Clive Barker seems to have liked it: “THE ARCANUM is a first-class thriller; superbly crafted, it moves like lightning, creating a world where historical fact and wild invention are interwoven. Marvellous stuff!”…
Publisher’s Weekly was less impressed:

In screenwriter Wheeler’s cinematic debut novel, an occult thriller set in New York City in 1919, Sir Arthur Conan Doyle and his fellow members of a secret society known as the Arcanum – “including magician Harry Houdini and voodoo priestess Marie Laveau” – investigate a gruesome murder, rescue horror writer H.P. Lovecraft from jail, consult evil mystic Aleister Crowley, learn the truth behind the ancient Book of Enoch, try to solve the mystery of a tribe of lost angels and otherwise save the world.

All the supernatural shenanigans, however, can’t disguise that these characters, with their contemporary sensibilities, are crude caricatures of their real-life originals. Lovecraft, for example, is reduced to a perverse boyish demonologist, while Laveau is a sexpot who speaks in a Caribbean patois: “So, how we s’posed to get him outta that jail?”

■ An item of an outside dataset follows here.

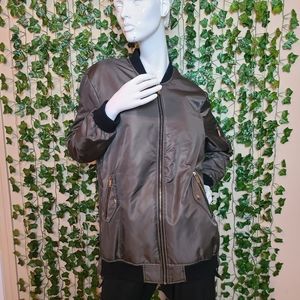 Zara Basic Outerwear Women's Fall Military Bomber Quilted Jacket size M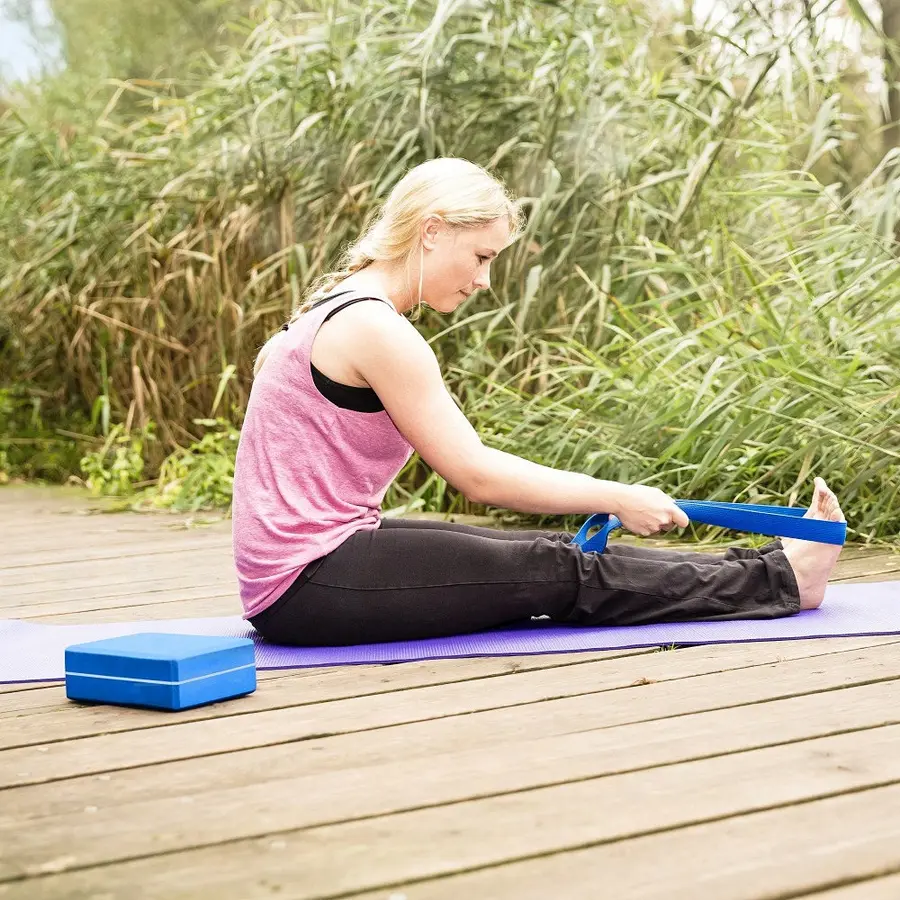 Yogablock i EVA skum | Hård 225 x 150 x 75 mm | Blå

Each vividly written chapter is so obviously a film scene that credit should be given for art direction. The author uses nearly every landmark available in 1919 New York for a setting, but a wealth of well-researched period detail is no substitute for a true feeling for an era’s zeitgeist. Those seeking thought-provoking “secret history” would do better to turn to the fiction of Tim Powers (Last Call) or Alexander C. Irvine (A Scattering of Jades).